*** Opening Stored data ***

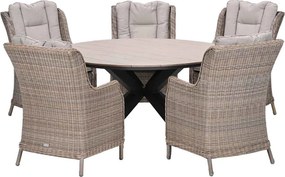 Garden Impressions Marbella tuinset 6-delig vin. willow - Tulli tuintafel Ø148 cm
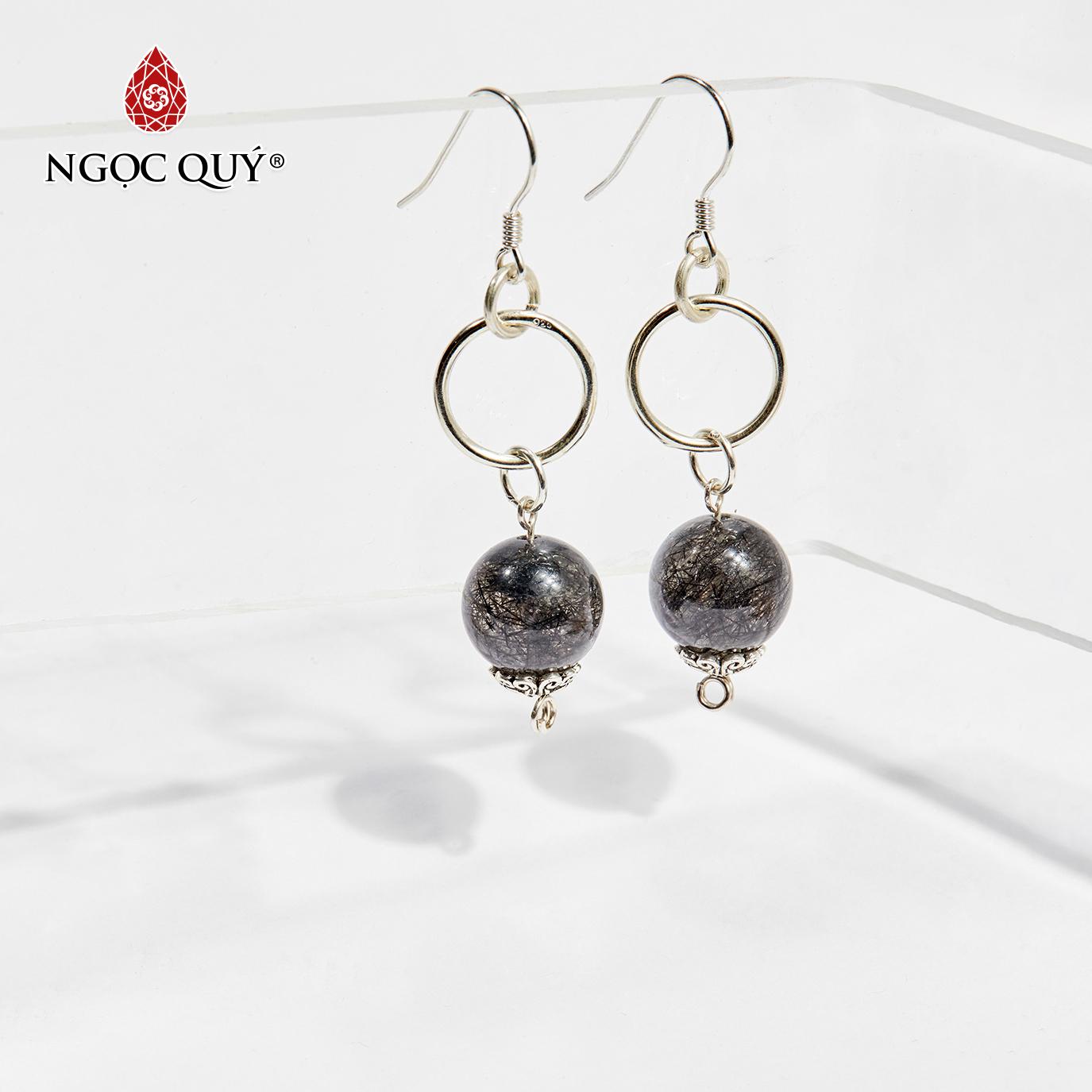 [HCM]Bông Tai Đá Thạch Anh Tóc Đen Mệnh Thuỷ Mộc 10mm (màu đen) - Ngọc Quý Gemstones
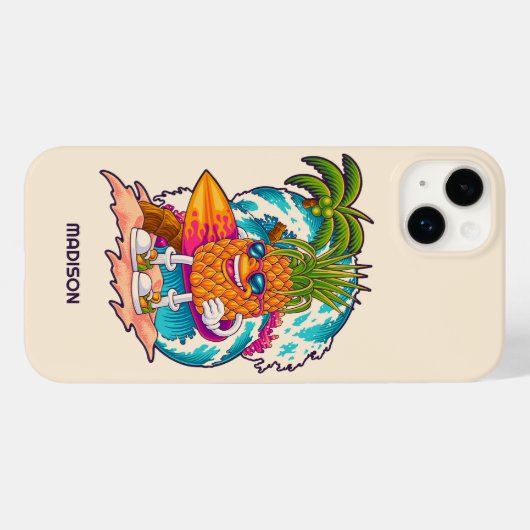 Aangepaste naam Surfende ananas Case-Mate iPhone Case (Achterkant (horizontaal))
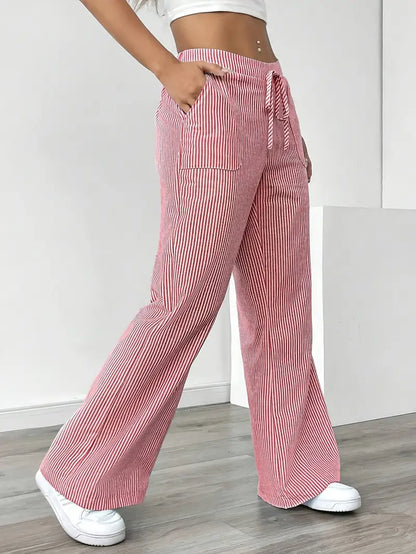 Marlowe | Women's Striped Wide-Leg Drawstring Beach Trousers
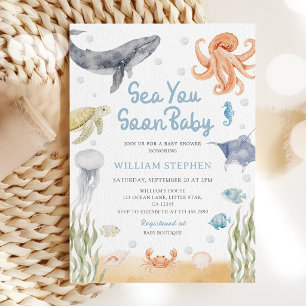 Invitación Te Vemos Pronto Bebé Animales del Océano Baby Show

*** Closing Stored data ***

Task statement:
With the pictures left out, write out all of the data exactly.

Your response:
 Garden Impressions Marbella tuinset 6-delig vin. willow - Tulli tuintafel Ø148 cm
 [HCM]Bông Tai Đá Thạch Anh Tóc Đen Mệnh Thuỷ Mộc 10mm (màu đen) - Ngọc Quý Gemstones
 Aangepaste naam Surfende ananas Case-Mate iPhone Case (Achterkant (horizontaal))
 Marlowe | Women's Striped Wide-Leg Drawstring Beach Trousers
 Invitación Te Vemos Pronto Bebé Animales del Océano Baby Show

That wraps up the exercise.